For the discerning Concertphile
and the City
Baltimore - June 11, 2008
Sex and the City
by Timothy Tilghman
The continuing love story of Bradshaw & Mr. Big has come to the cinema. Their on-again off-again romance reaches its own climax, if you pardon the pun. Yes, the saucy ladies who share their salacious tales of tail amongst themselves have reunited for a singular super-sized episode on the silver screen.
A prologue glimpse into the present day lives of Carrie, Charlotte, Miranda and Samantha brings the audience up to speed on their interweaving dramas four years hence. Storylines are stitched up and the mega-fan in withdrawal since the series ended immediately feels at ease with the adapted routines of these glamorous heroines.
Sarah Jessica Parker, Kristin Davis, Cynthia Nixon, and Kim Cattral all reprise their popular cable television characters in the big budget chick flick Sex and the City. One of the unexpected strengths of this film is that it connects with a wider audience beyond its anticipated core demography.
The cinematic presentation features an involved script with each woman eventually deriving at what she seeks to fulfill her life. Samantha reclaims her independence, Miranda reestablishes her relationship, and Charlotte gives birth to a baby girl. Carrie must endure a protracted roller coaster of emotional trauma before she secures her desired dream.
One noticeable behavioral characteristic of Carrie is conspicuously absent: Carrie is NOT chain smoking throughout the movie. Thankfully, the producers had the foresight to nix that obnoxious and unwelcome habit. Any smoking is relegated to an incidental presence.
A solid number of supporting characters from the original broadcast series put in appearances to rekindle the plot lines fraught with comedy, romance and sexuality. Miranda and Steve are showcased as the steamy couple caught copulating on screen. Several new faces introduce subtle interpersonal nuances into the on-going action.

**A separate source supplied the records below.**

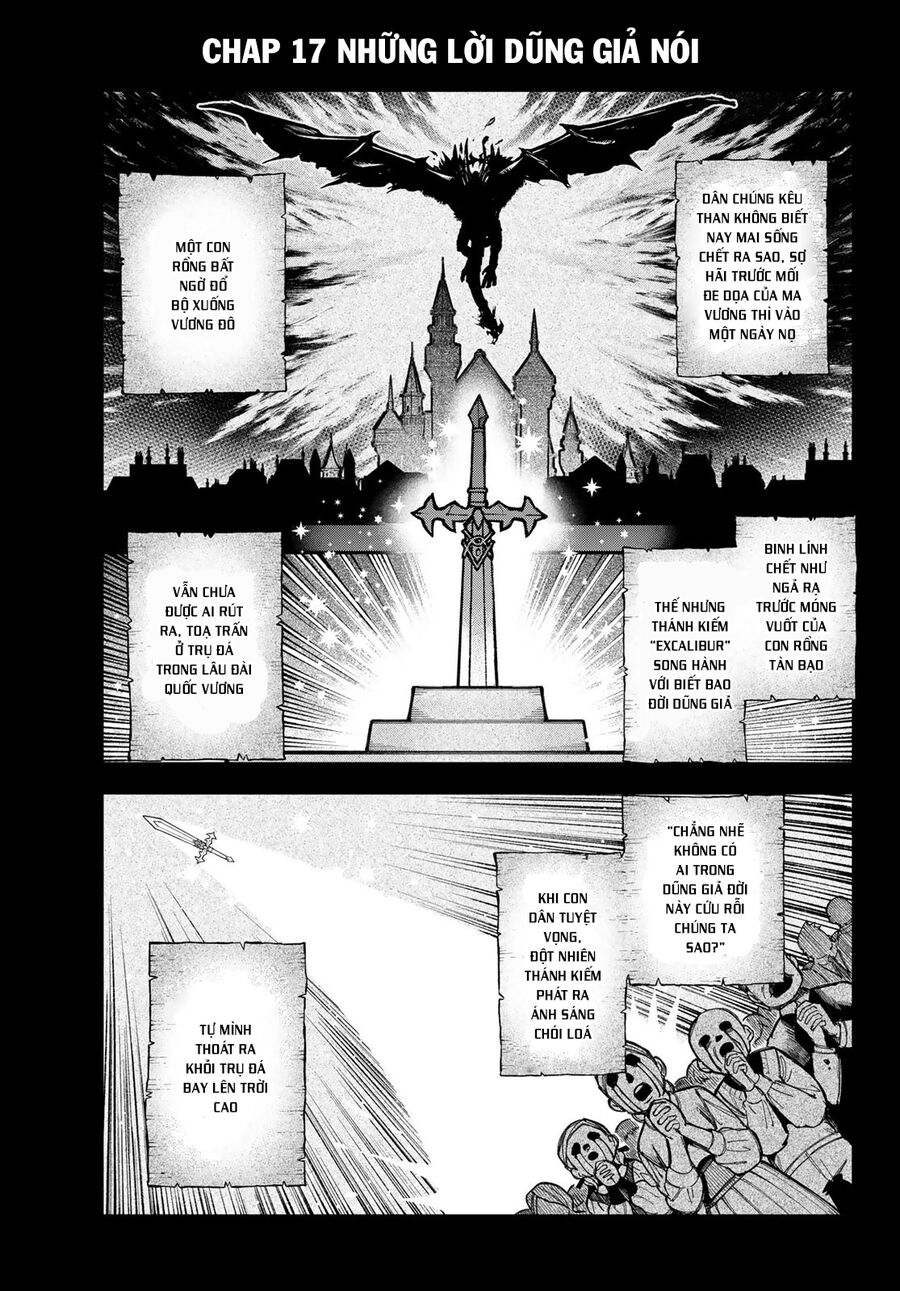 Lâu Đài Ma Vương Sudachi Chapter 17 - Trang 1
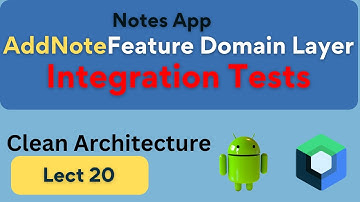 20 Unit Test of AddNoteFeature Domain Layer | Dagger Hilt | Notes App | Jetpack Compose | Android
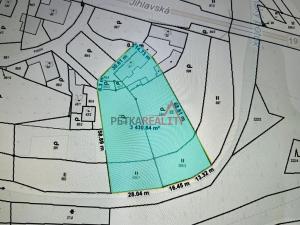Prodej pozemku pro bydlení, Tábor, Potoční, 3286 m2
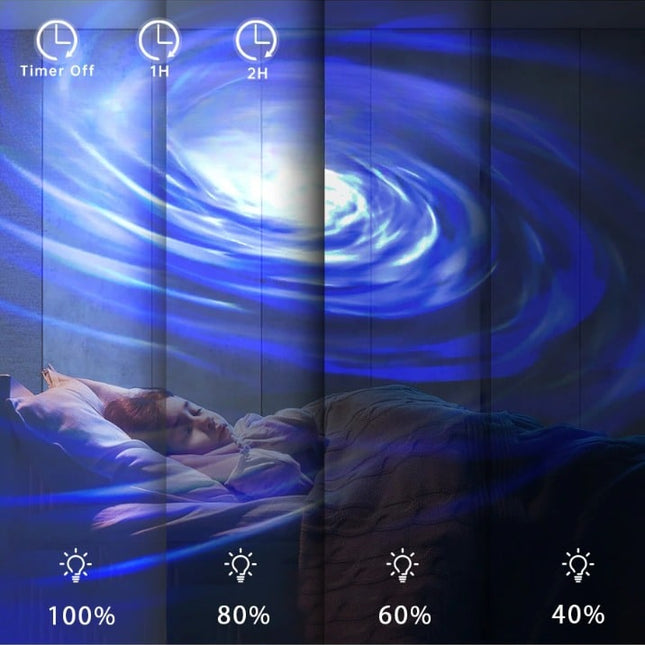 Bluetooth projektor galaxie s reproduktorem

The outrageous gadar factor from the cable network series has been toned down considerably for an expanded viewing public. However, there is a brief New Year's Eve smooch between two gay males that appears as if their clumsy kiss was written in only to appease that segment of the market.
The theme that opens and closes the lavish production is a metaphor about labels and love that thrives as a preoccupation for ladies living in NYC. Women motivated by style covet designer labels to enhance their lives and are driven in pursuit of love to enrich their life.
Bradshaw succeeds in detecting LOVE as the password protected codeword she needs to unlock an encrypted folder possessing unopened cyber love letters to her composed by Mr. Big. In the fairytale ending, it is LOVE that endures and fortifies their union as partners.